Dr. Alban: Until this year I would have told you I don't see things changing, but I think after some of the national movement that has been occurring and is currently occurring, people are realizing this is a priority. I do see change coming, and I am very excited to be part of the change. I look forward to a bright future where healthcare delivery will be more equal to all. 

Dr. Padua: I don't see representation necessarily increasing. There needs to be more efforts to recruit Latino physicians to help address the lack of diversity in the medical field. That is a multifaceted problem starting from the high school level through college and encouraging recruitment and retention of underrepresented minorities at the medical and residency level.



Do you have any advice for aspiring Latina or Latino or Latinx doctors?

Dr. Padua: You have to find a good mentor. You have to find people who will help you navigate the really complicated world of medicine. There's a lot of hurdles you have to go through. 

It's a culture that is difficult to break in to unless you have someone who can show you the way. Finding mentors is critical to be able to climb up the academic ladder and to also have access to the type of jobs and opportunities that will make it a fulfilling career.

Dr. Scremin: Don't give up! Reach out and find a mentor. Be your own advocate and practice self-compassion, and be kind and patient with yourself. Enjoy the journey!

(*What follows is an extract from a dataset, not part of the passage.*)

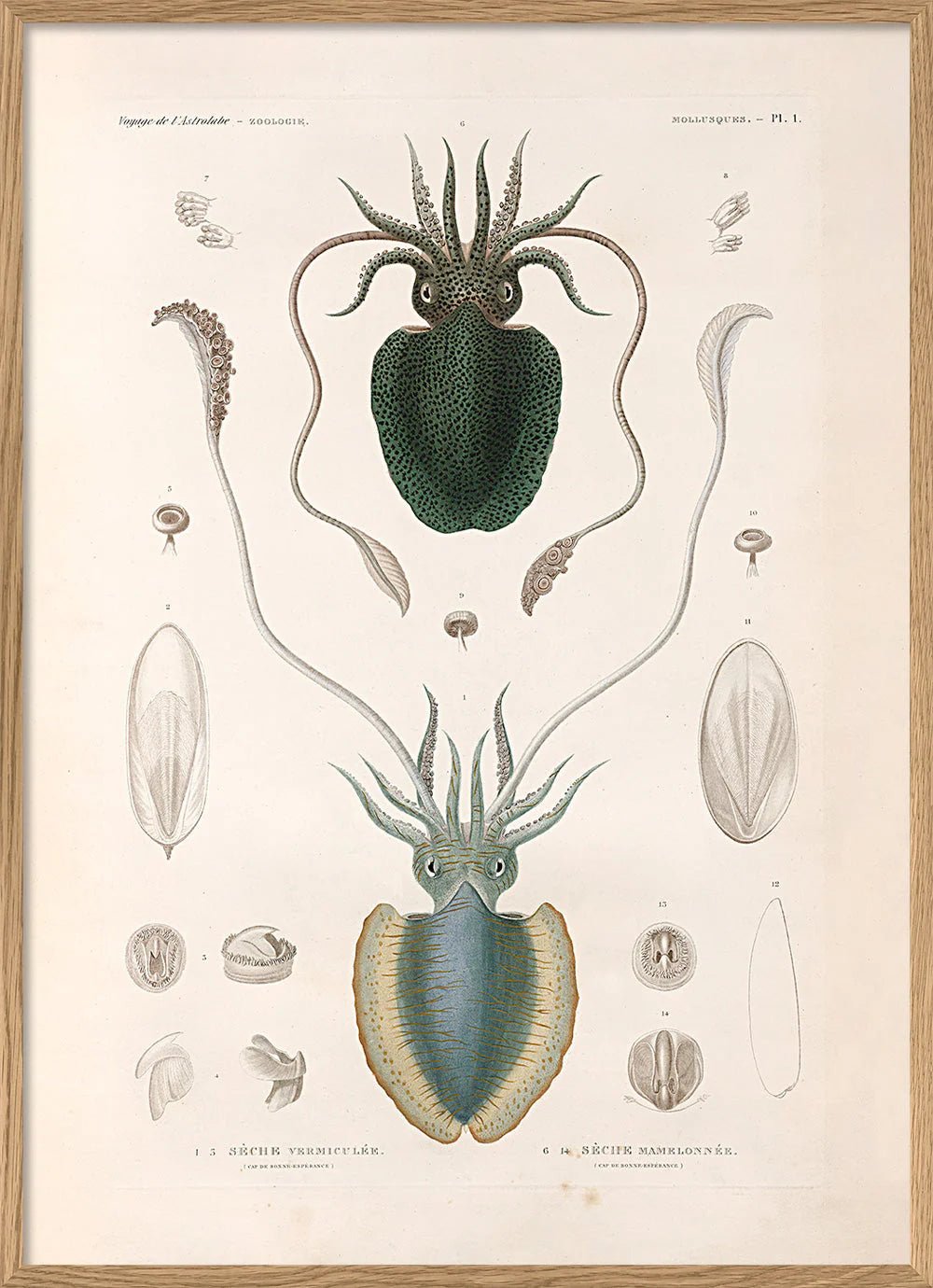 Mollusques - PL.1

Dr. Alban: My advice for people who want to be engaged in the healthcare provider world is to talk to Latinos, look at people like me and some of my colleagues that have gone through this and made it through. These young individuals need that support and encouragement and mentorship. 

Sometimes they think these types of careers are not achievable because they think it's only for the privileged. Our stories are successful stories filled with hard work and dedication. You can do this. Tú sí puedes.